Commentaire du logion 56

Tant que je n’ai pas connu le monde, j’espère sans doute toujours y trouver le réconfort,  celui  que  tout  un  chacun   achète  et  obtient  par  la  connivence, l’adhésion aux codes et usages, le partage de la reconnaissance mutuelle et réciproque, l’opposition, l’affrontement, la compétition. Si je veux accéder au royaume de  l’esprit,  je  dois  découvrir  ce  qu’est  la  personne,  équilibre  pas toujours harmonieux entre intégration des codes de reconnaissance communs à l’espèce humaine et exercice de différenciation de l’individu par rapport à la communauté. Alors que pour beaucoup, c’est le « challenge » de l’existence, stimulant dans la réussite comme dans l’échec passager, combien cela peut-il constituer une rude épreuve pour celui qui ne peut éviter de voir ou deviner l’aspect dérisoire et vaniteux de tout chemin personnel quel qu’il soit, petit ou grand dans l’histoire  des  hommes,  tout  simplement  parce  qu’il  a  en  lui  la nostalgie de l’Un originel dans lequel baigne tout petit homme à ses premiers jours,  et  qu’il  lui  est  impossible  de  laisser  s’éteindre  la  flamme de  vie  de l’enfance sous l’épaisse couche des conditionnements !

Un cadavre ! Rien moins que ça, voilà l’image peu elliptique qu’emploie Jésus pour  nommer  ce  qui  meuble  et  occupe l’existence de la  personne dans le monde. Un cadavre, c’est mort, comme sont morts beaucoup qui ont laissé la flamme en eux se faire souffler par le matérialisme ou les idéologies, par la pensée envahissante.
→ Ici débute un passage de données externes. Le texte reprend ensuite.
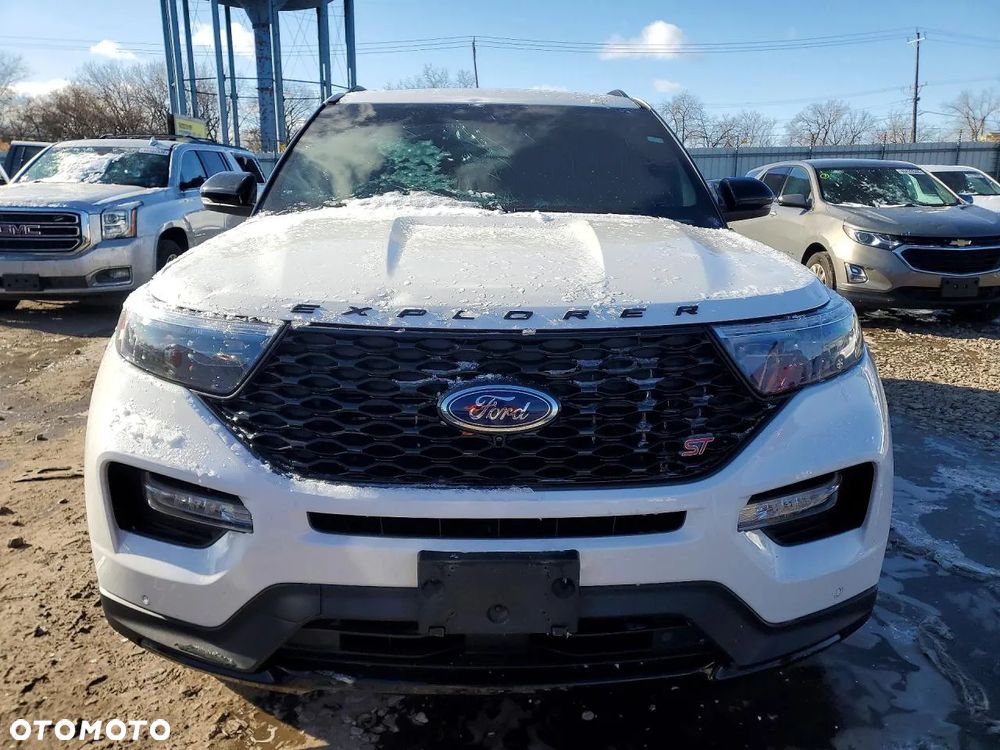 Ford Explorer EcoBoost Plug-in Hybrid ST-LINE - 5
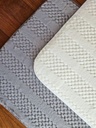 Alfombra de baño 40x60cm peluchito tramado liso y puntos blanco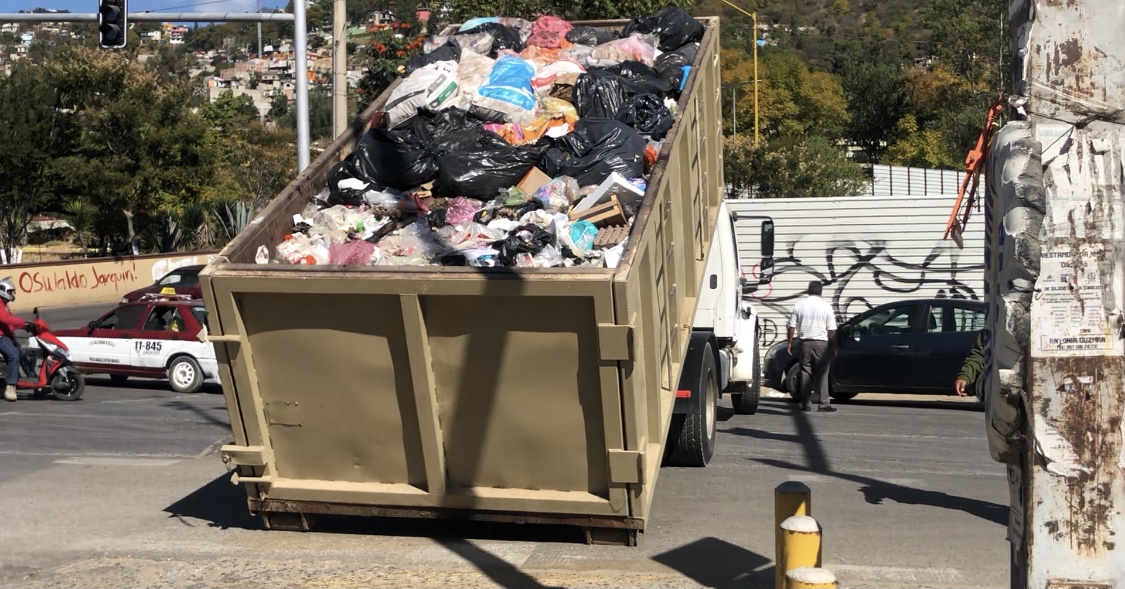 Vuelven a estallar conflicto por la basura en Oaxaca, por la falta de pago de combustibles a camiones recolectores y el robo de 18 mdp al fondo de pensiones de trabajadores sindicalizados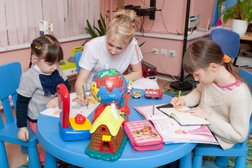 Детская стоматологическая клиника Королевство зубной щетки, с рейтингом 4.4 - находится по адресу Мытищи, Новомытищинский проспект, 43 к5 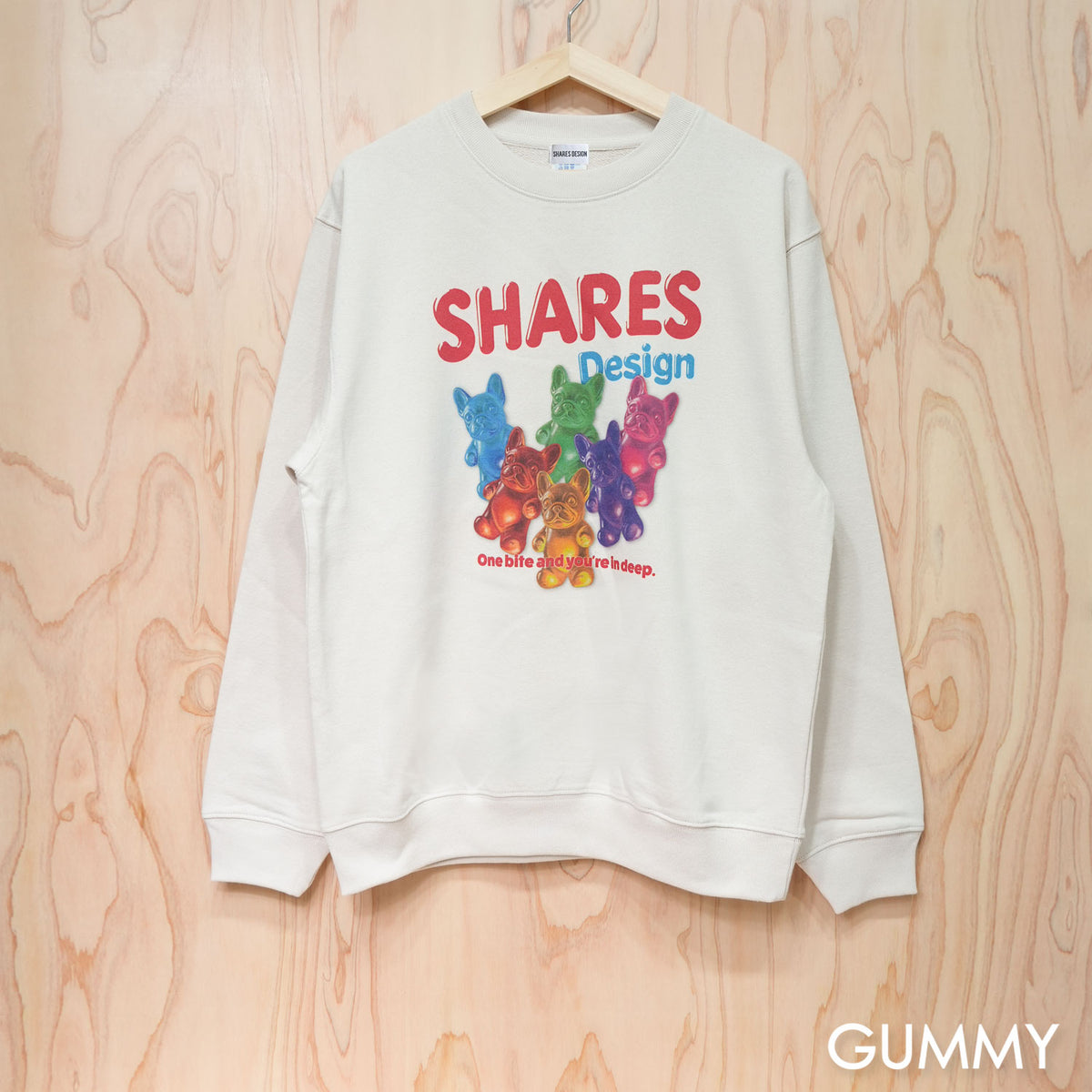 【期間限定！ 10/18 まで販売中】 〈 OYATSU TIME〉CREW SWEAT/ スウェット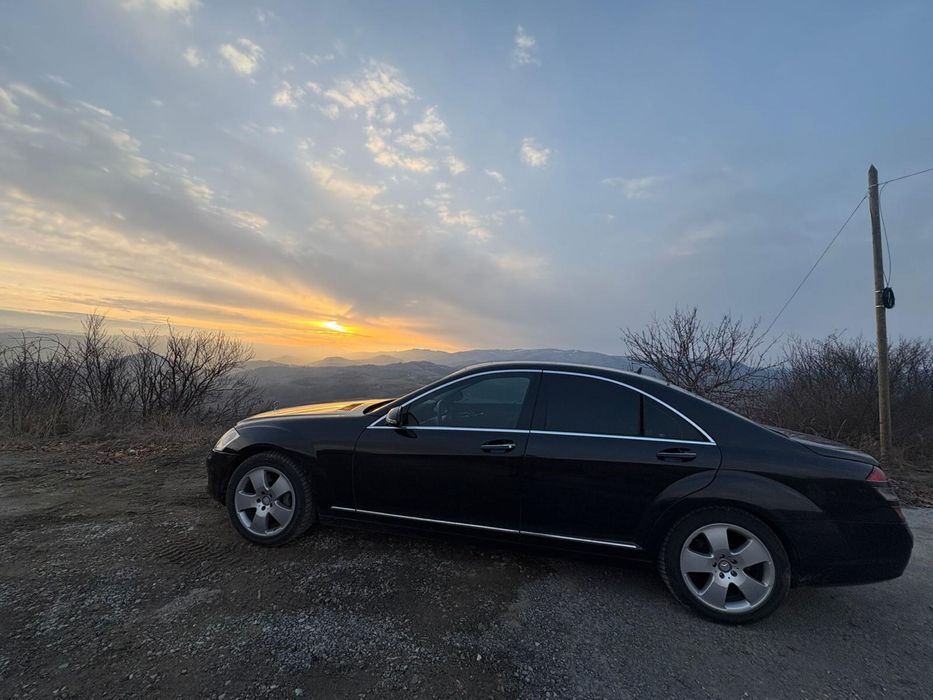 Mercedes w221 s class 4matic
Le monde est en soi, pas au dehors : pourrait-il y avoir un objet quel qu’il soit, un chat ou une rivière lorsqu’ils sont devant mes yeux si je ne savais pas les concevoir, comme ce fut le cas lorsque j’étais âgé de deux ou trois semaines ? Partant de ce constat parfaitement lucide, fruit de la vision retournée vers sa source, que vaut mon identité individuelle psychologique et anthropomorphique lorsqu’ enfin, je la vois telle qu’elle est, comparable à une production cinématographique ?
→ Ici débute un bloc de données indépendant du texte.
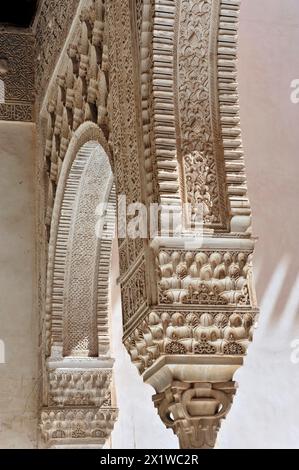 Sculture artistiche in pietra, Alhambra, Granada, dettaglio di un vecchio edificio islamico con belle sculture in pietra, Granada, Andalusia, Spagna Foto Stock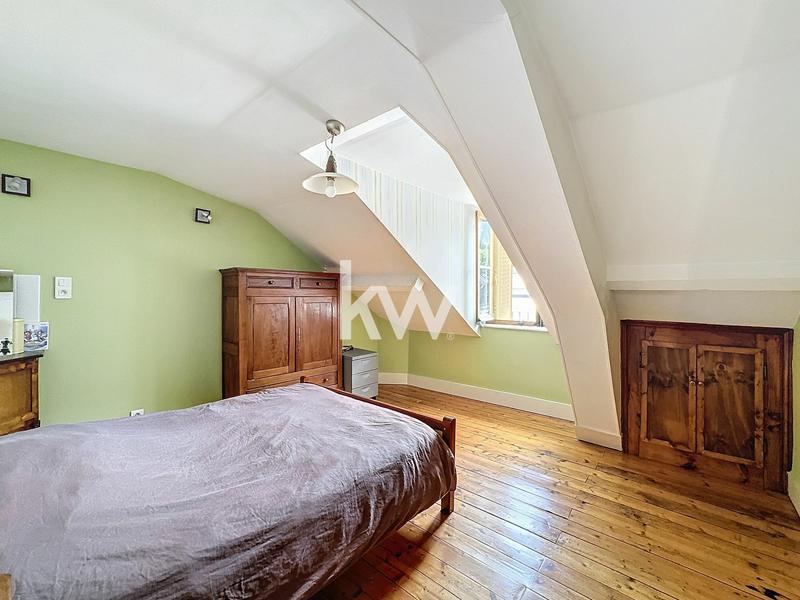 Maison - 250 m² - 10 pièces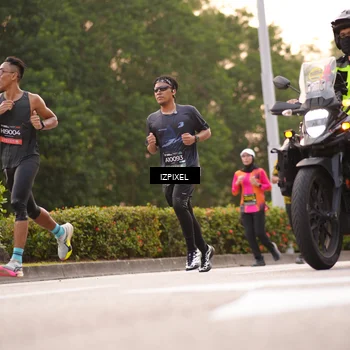 Runner Photo 6308378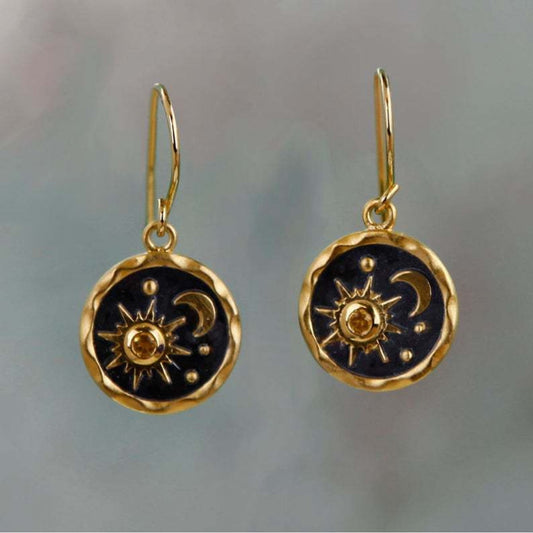 Strahlende Ohrringe mit faszinierendem Sonnen- und Monddesign in edlem Gold und Silber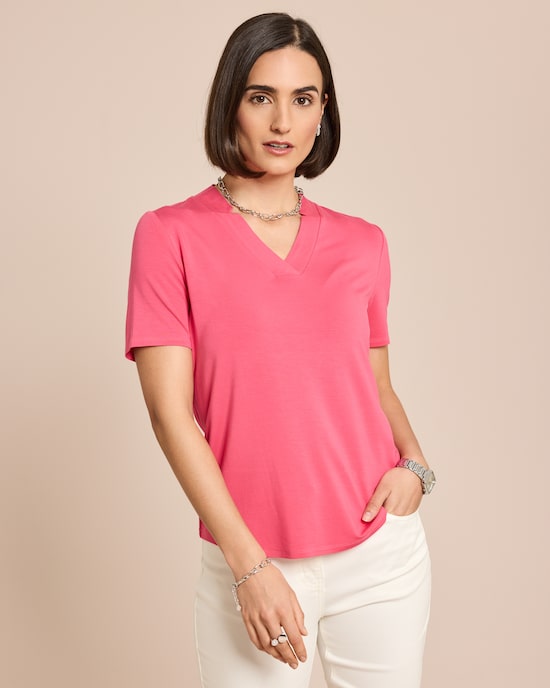 Produktabbildung für Shirt mit dekorativem V-Ausschnitt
Car le monde, la personne, l’existence circonstanciée sont une seule et même chose : en fait l’épreuve, qui devrait conduire à trouver la Vie le solitaire qui a des oreilles pour entendre par derrière les discours et des yeux pour voir à travers  les  apparences.  Alors  seulement  le  monde  –  cadavre  trouve  sa justification  dans  cette  apothéose  de  celui-là,  non  évènement  en  totale discrétion mais de portée cosmique, pour qui il n’y a plus ni mort ni peur, mais le Vivant issu du Vivant et sa manifestation vivifiée.